Friday 14 March 2014

Interflour facility tour - day twelve

Today's blog was written by grower Chris Syme from Cunderdin.


We left the hotel in inner Ho Chi Minh City at 9.30 am all ready to travel the 70km to the Interflour mill and wharf facilities at Cai Mep Agri Port.

The drive out entailed travelling on typical city streets with locals on motor bikes, push bikes, small trucks and taxis.

After travelling 40 minutes we entered a new motor freeway. Not a lot of local traffic as the toll fee may be to expense for the locals. We found it slightly strange that on the expressway the speed limit was only 40km.

We passed farmland with water buffalo grazing, rice harvesting and construction sites.

We arrived at 11.00 am to a very impressive modern flour mill. Outside on the flag pole were 4 flags, which represented the financial interests, Australian (CBH), Japan, Indonesia and Vietnam the country located.



We meet with Houm, who has worked with Interflour for 7 years.

The flour mill site is 32has including the wharf. There is room for the malting plant to be built in the next year and we are taken over to view the site and see the plans. 



We were treated to lunch at the staff canteen, and served bread made in the test laboratory which was still warm and fluffy.

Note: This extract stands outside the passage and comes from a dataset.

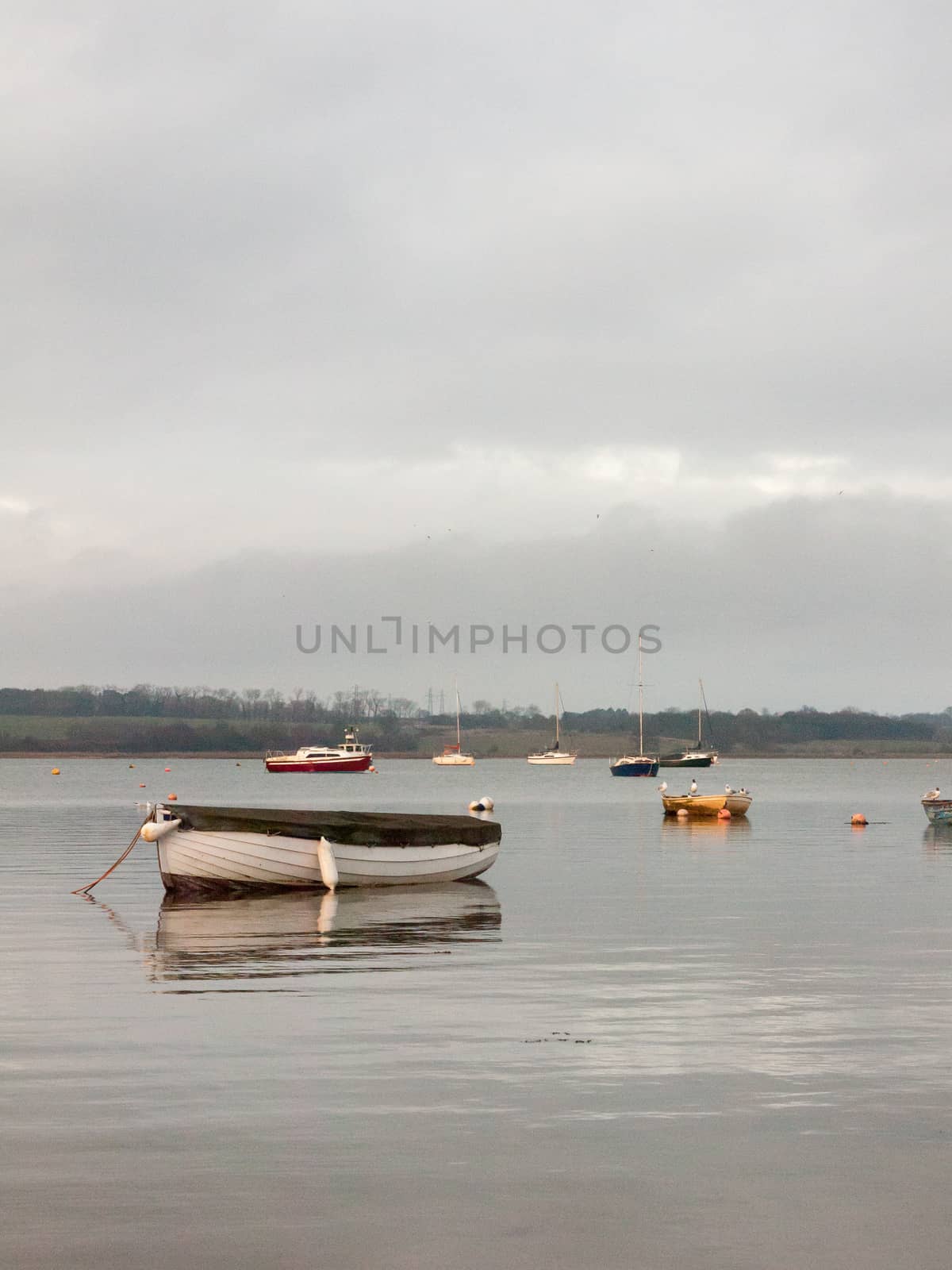 sunset over coast ocean bay water sky sea boats docks moored by callumrc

We had a tour of the facility - very warm day to be inside the mill, we thought around 37-40c with around 90% humidity, so it was quite a sweaty walk.
The wharf has a unloading turnaround of 3-4 days with a grain or feed ship in every week. The grain can be unloaded at 1,200 tonne an hour using a screw auger. The wharf also out loads feed into 500 tonne barges to delivery to smaller ports which can't handle the Panamax 75,000 tonne loads.

Unloading from incoming ships in the wharf is 1,200 tonne per hour. With 20,000 tonne in storage currently. 
The mill runs 7 days a week, 24 hours a day and out loads 600-800 tonne of flour a day. 














Interflour has a staff of 430 with 250 working at the Vietnam site. Average wages in Vietnam are US$102 a month but staff at Interflour are paid three times above the average and are provided many benefits.

To mill flour, wheat needs to be softened and moisture levels need to be at 14%, so water is added.

The milling process is to blend different grades of wheat, clean, grind, and separate until flour meets milling specs. Normally you get 750kgs flour from 1 tonne of wheat. The bran is sold to feed and other markets.




We were all very surprised to see the amount of sand and stones removed from wheat in the cleaning process. 


High end flours are in 25kg paper bags, most other in 25 kg poly bags and bulk tankers of 23 tonne for bigger customers.




We travelled back to Ho Chi Minh City in the afternoon, some had a swim to wash away the warm humid day and then we all went out to dinner to celebrate our last full night together on the grower trip.